Work to be completed:
Below is a listing with pictures in it. Copy it exactly without them.

============

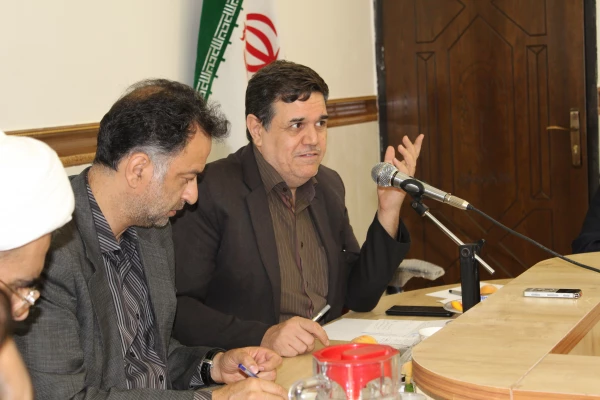 آیین تکریم و قدرانی از حجت الاسلام و المسلمین دکتر زارعی رضایی سرپرست سابق و معرفی جناب آقای محمدپور به عنوان سرپرست جدید مدیریت امور پردیس های استان قم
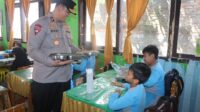 Wakapolda Bengkulu Brigjen Pol Dicky Sondani tinjau program makan bergizi gratis di SDN 78.
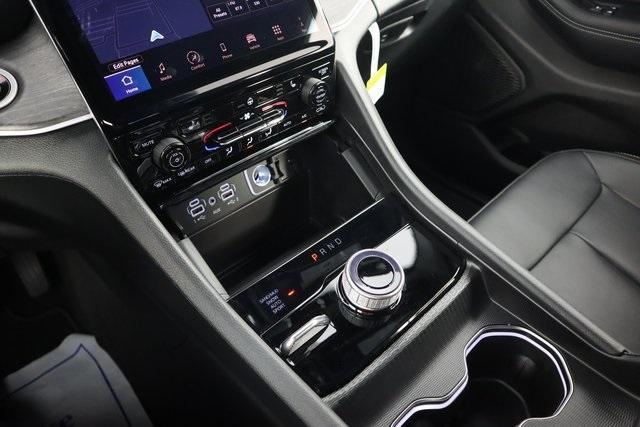 new 2025 Jeep Grand Cherokee car, priced at $41,915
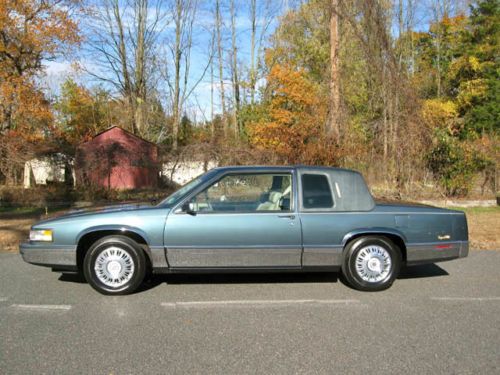 1992 cadillac coupe deville  71k  nice car  no reserve!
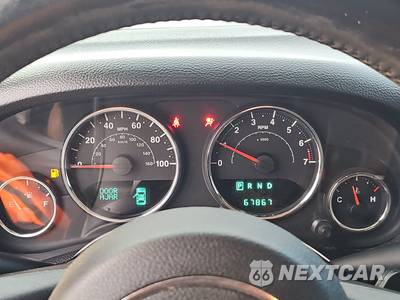 2013 Jeep Wrangler Unlimited Sahara - zdjęcie 12 z 34 - miniatura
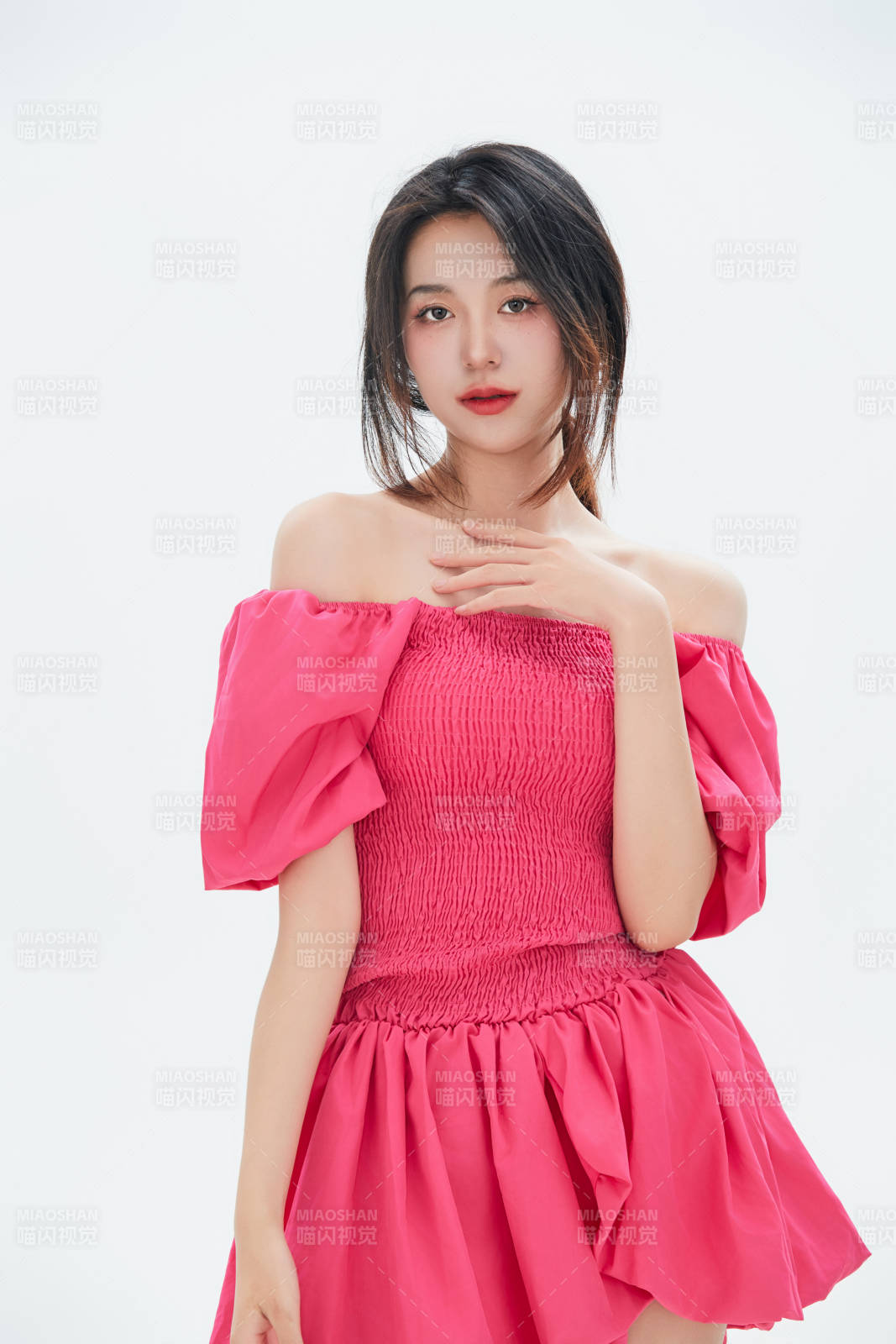 白色背景里的中国女性大学生图片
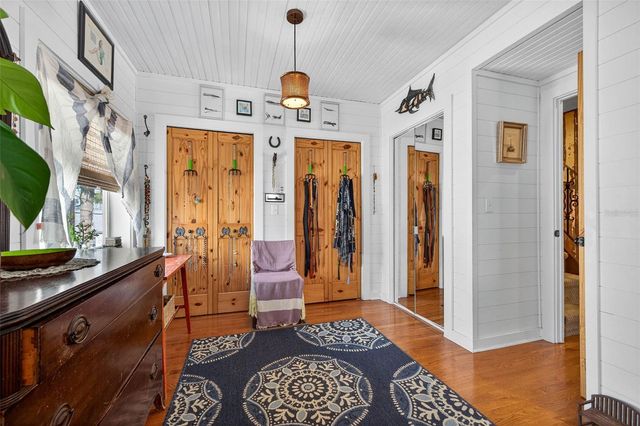 106 5TH AVENUE, St Pete Beach, FL 33706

============

Reply:
 آیین تکریم و قدرانی از حجت الاسلام و المسلمین دکتر زارعی رضایی سرپرست سابق و معرفی جناب آقای محمدپور به عنوان سرپرست جدید مدیریت امور پردیس های استان قم
 Wakapolda Bengkulu Brigjen Pol Dicky Sondani tinjau program makan bergizi gratis di SDN 78.
 new 2025 Jeep Grand Cherokee car, priced at $41,915
 1992 cadillac coupe deville  71k  nice car  no reserve!
 2013 Jeep Wrangler Unlimited Sahara - zdjęcie 12 z 34 - miniatura
 白色背景里的中国女性大学生图片
 106 5TH AVENUE, St Pete Beach, FL 33706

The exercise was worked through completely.